Your assignment: Repeat exactly, and only, the lines of the entries below from the one with "İngiltere, Florida 'daki" through the one with "CHEVROLET MALIBU image 3", both ends included.

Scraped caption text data
== == ==

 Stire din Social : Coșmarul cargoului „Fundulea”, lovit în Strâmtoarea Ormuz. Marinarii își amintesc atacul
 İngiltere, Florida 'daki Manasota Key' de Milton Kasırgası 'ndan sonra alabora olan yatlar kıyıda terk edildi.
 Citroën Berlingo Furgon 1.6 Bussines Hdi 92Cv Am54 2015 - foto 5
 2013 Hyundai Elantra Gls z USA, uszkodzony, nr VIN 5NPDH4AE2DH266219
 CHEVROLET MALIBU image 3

== == ==

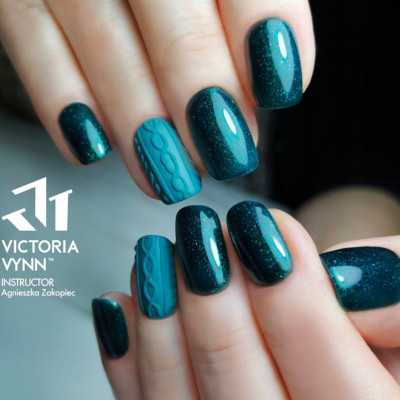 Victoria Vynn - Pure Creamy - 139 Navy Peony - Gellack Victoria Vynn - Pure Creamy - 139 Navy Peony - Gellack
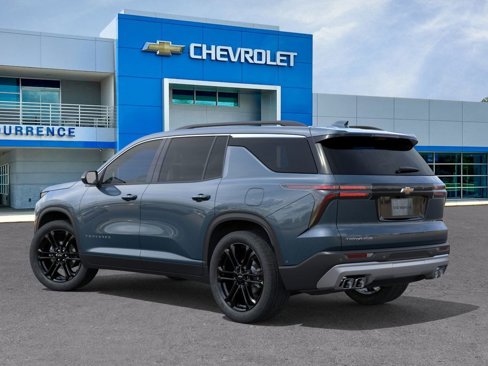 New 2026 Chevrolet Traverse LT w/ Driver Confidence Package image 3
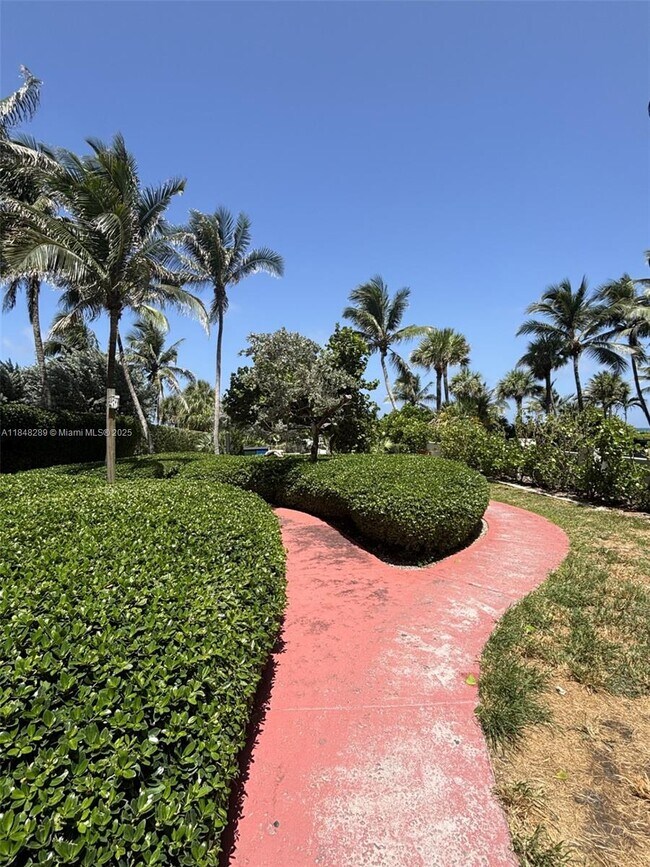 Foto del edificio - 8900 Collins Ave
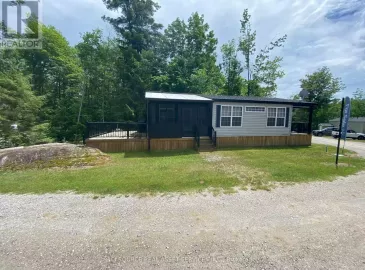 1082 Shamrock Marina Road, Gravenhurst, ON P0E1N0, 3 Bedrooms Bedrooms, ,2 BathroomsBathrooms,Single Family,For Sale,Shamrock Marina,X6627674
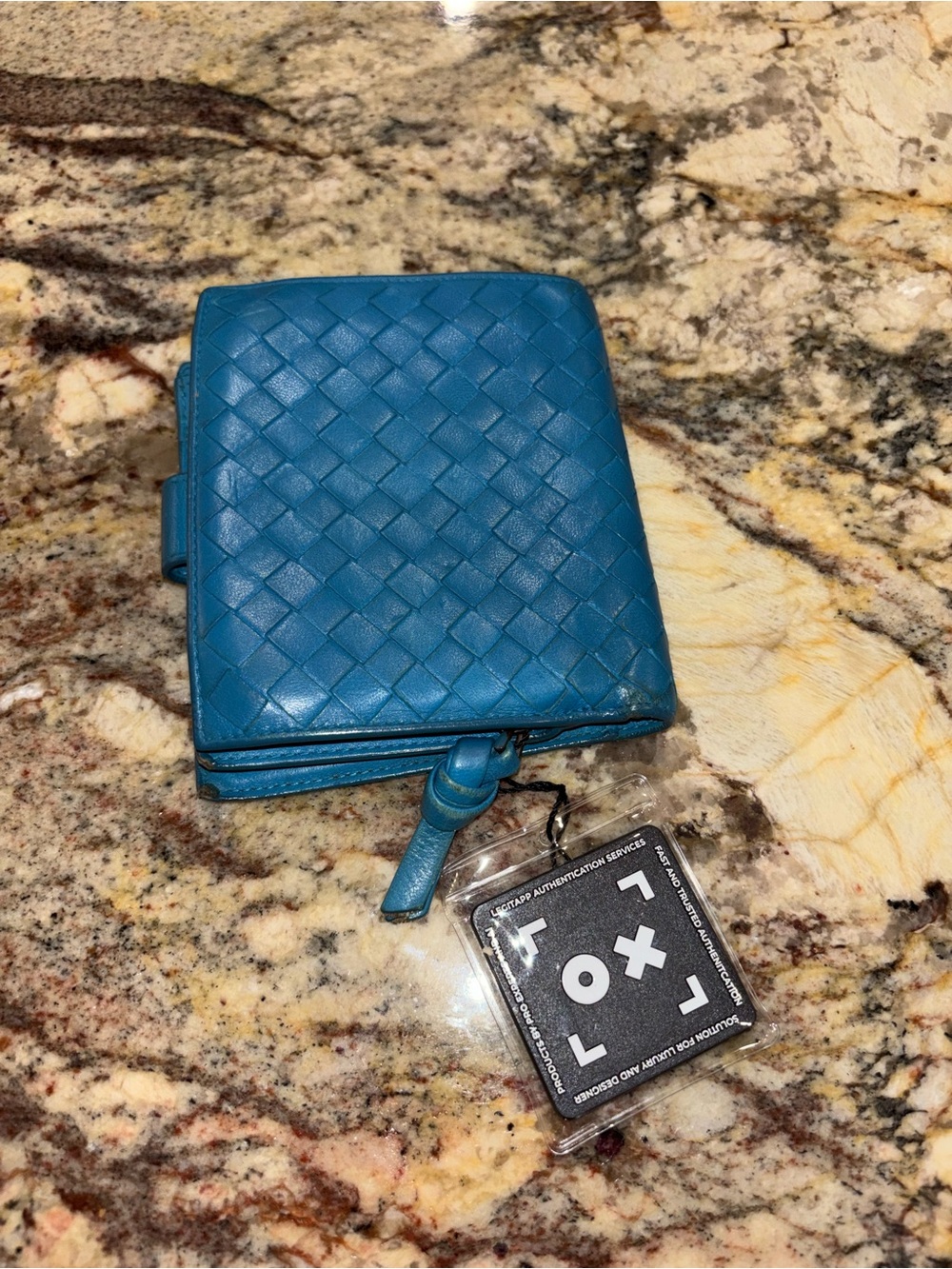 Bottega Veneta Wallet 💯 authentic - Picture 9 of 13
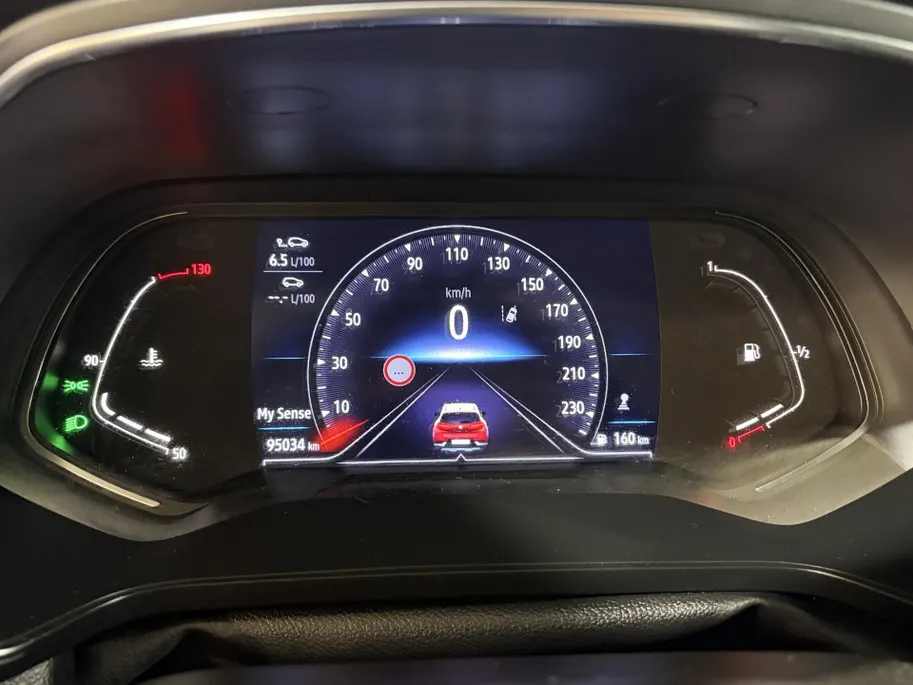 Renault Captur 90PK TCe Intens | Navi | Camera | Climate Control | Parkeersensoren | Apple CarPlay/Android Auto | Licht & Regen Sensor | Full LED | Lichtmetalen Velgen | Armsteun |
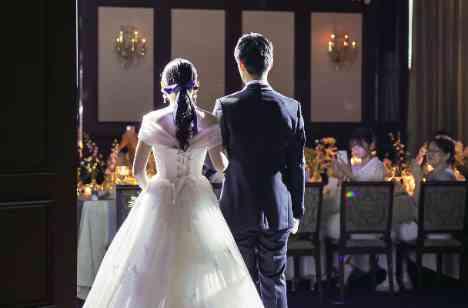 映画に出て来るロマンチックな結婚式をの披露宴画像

== == ==

Finished exercise:
 İngiltere, Florida 'daki Manasota Key' de Milton Kasırgası 'ndan sonra alabora olan yatlar kıyıda terk edildi.
 Citroën Berlingo Furgon 1.6 Bussines Hdi 92Cv Am54 2015 - foto 5
 2013 Hyundai Elantra Gls z USA, uszkodzony, nr VIN 5NPDH4AE2DH266219
 CHEVROLET MALIBU image 3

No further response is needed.